I liked this book when I read it years ago. Still do. I really look at numbers and think about what they do and do not tell us. When I learned that the Florida Legislature had changed the evaluator for the Florida Tax Credit scholarship (FTC) program, I wondered why.
Before we judge, let’s look at the data from the April 2014 FTC scholarship program for private schools. These are the scholarships funded by tax rebates to corporations.
How are tax credit voucher programs evaluated in other states? Let us know. Here is what was reported in Florida.
David Figlio: Evaluation of Florida Tax Credit Program Participation, Compliance and Test Scores in 2013. April 2014
Professor Figlio reports the data and describes his methods. Sometimes it is hard to tell if the glass is half full or half empty, but the results are there if you look.
I have excerpted his major findings on the achievement of students who participated in the FTC program. Eligibility for this program in 2012-13 was limited to low income and minority students whose family incomes were below $44,000. In 2014, the Florida Legislature expanded the program to include at least partial scholarships for family incomes up to $62,ooo. Was this warranted? On the surface one might say, “No harm, no foul”.
Achievement gains for FTC students were slightly below average for mathematics and slightly above average for reading. The differences were not statistically significant, so you can say that students on average made a year’s worth of gain. (But there is wide variability from very good to very poor improvement in learning.)
Look underneath the averages:
–A strong relationship in gain scores was reported for schools with more than 180 days (10.8% of schools); weakest gains were for schools with fewer than 180 days (17%). Public schools are required to have 180 days. Why would private schools have fewer days?
–Differences exist in achievement gain scores by religious orientation of the schools. Strongest gains were achieved for non religious schools and Catholic private order schools in mathematics. Other Catholic, non-affiliated Christian schools and Seventh Day Adventist schools had gains in reading but not in mathematics. All other religious denominations (nearly 50% of scores) reported a negative gain in reading and mathematics compared to national percentile rankings. Are these differences due to socio-economic or school quality factors?
–Students who struggle the most tend to leave and return to public schools. These students’ scores (about 5%) were not included in FTC results. Another two percent, also struggling students, were reported ill on testing days. Did public schools include returning students in their scores?

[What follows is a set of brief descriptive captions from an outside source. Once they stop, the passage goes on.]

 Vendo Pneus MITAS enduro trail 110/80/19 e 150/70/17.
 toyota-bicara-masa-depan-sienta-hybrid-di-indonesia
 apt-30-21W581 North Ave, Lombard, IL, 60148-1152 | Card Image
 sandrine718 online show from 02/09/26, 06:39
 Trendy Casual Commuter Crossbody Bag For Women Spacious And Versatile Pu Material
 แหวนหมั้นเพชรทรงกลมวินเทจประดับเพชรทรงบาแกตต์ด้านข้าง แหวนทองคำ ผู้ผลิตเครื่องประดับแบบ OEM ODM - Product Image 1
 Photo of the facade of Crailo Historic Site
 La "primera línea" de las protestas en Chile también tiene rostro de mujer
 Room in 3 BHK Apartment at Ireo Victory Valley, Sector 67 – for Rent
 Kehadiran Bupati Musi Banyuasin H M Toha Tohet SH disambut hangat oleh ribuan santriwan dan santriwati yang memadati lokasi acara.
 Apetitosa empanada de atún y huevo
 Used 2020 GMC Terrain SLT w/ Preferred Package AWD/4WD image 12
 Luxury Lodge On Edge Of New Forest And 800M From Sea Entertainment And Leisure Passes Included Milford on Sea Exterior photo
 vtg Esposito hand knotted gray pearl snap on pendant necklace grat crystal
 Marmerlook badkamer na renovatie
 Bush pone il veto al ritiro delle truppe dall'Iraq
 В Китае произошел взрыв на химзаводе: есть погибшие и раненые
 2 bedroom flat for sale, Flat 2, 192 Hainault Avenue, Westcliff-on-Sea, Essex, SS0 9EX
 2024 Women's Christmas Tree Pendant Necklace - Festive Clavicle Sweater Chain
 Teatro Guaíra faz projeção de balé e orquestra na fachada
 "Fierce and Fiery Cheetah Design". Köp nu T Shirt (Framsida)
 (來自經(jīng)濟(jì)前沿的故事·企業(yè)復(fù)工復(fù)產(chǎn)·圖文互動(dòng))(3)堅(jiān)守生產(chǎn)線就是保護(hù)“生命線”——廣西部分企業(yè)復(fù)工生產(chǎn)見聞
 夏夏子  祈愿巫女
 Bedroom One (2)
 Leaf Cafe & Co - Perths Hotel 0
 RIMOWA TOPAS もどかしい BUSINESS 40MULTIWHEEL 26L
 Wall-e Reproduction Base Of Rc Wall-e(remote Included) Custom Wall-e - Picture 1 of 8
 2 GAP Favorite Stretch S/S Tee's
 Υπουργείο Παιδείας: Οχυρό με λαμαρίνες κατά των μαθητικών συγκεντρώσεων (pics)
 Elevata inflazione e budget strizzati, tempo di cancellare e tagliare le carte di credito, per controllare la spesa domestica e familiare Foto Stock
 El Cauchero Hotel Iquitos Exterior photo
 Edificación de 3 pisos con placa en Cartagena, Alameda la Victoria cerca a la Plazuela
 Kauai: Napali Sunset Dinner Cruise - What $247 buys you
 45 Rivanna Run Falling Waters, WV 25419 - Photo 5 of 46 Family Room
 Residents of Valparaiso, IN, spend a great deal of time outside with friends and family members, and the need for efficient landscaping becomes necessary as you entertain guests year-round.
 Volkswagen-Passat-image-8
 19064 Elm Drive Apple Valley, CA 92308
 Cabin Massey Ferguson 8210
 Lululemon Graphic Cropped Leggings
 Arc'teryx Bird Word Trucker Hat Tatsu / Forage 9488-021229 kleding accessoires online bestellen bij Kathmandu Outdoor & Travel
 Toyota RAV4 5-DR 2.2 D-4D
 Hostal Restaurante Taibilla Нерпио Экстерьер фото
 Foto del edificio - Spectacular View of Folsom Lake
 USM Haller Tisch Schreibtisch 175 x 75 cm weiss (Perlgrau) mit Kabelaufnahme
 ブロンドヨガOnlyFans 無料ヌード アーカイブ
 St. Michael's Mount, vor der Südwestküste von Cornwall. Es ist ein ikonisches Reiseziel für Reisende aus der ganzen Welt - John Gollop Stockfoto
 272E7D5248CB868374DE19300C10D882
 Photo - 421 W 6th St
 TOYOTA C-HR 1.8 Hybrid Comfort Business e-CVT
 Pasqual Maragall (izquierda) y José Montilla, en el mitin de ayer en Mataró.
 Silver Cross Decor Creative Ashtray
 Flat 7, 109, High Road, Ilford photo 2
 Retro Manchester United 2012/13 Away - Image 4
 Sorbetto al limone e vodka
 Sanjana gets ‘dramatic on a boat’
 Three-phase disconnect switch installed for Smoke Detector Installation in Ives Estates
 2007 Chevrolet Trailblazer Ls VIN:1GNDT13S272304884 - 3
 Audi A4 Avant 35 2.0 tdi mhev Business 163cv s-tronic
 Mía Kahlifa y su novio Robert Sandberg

–Only about 12% of FTC scholarship participants came from public ‘D or F’ schools. Thirty five percent came from public ‘A’ schools. Why are students leaving good schools?
–4 private schools closed from the previous year, and the Florida DOE suspended 129 schools from the program. Why?
–In the 2013 report, Dr. Figlio stated that it is not advisable to compare FTC students with public school gains any longer; they do not take the same tests. The legislature changed evaluators in 2014. Here is a quote from Professor Figlio regarding the new legislation to revise the methodology for the FTC program evaluation: “My read of the new law (SB850) is that average scores will be reported, rather than gain scores. This will, sadly, mean that it will be harder to have a reasonable read of how children are progressing. In addition, my research (and that of others) suggests that accountability based on average scores is much more likely to lead to cheating and other forms of manipulative behavior on the part of educators than accountability based on gain scores.”
What is the ‘truth’ about the FTC scholarship program? Dr. Figlio provides the data and explains the limitations of the study. His conclusion is that FTC students disproportionately represent the lowest performing students and schools. We need to be clear on this. He means more than expected given the percentage of students with low scores in public schools.) Yet, on average, FTC students achieve the same learning gains as the average student nationally.
Averages mask realities. Students of all achievement levels have FTC scholarships. There is a 5% difference in the percentage of eligible FTC students and public school students in the lowest scoring group (28.7 % of the FTC students are in the lowest quartile of achievement compared to 23.5% of eligible public school students). These are the students, moreover, who are most likely to leave the FTC schools and return to public schools. Differences in the percentages of students in higher achievement groups of smaller.
What have we learned from these FTC evaluations over the last several years? They are relatively consistent. Students who struggle the most tend to leave public schools and then return to them. Students who remain in private schools learn at about the same rate as the average student nationally. A longer school year appears to improve achievement. Changing the evaluator is not likely to change the results. Is there harm?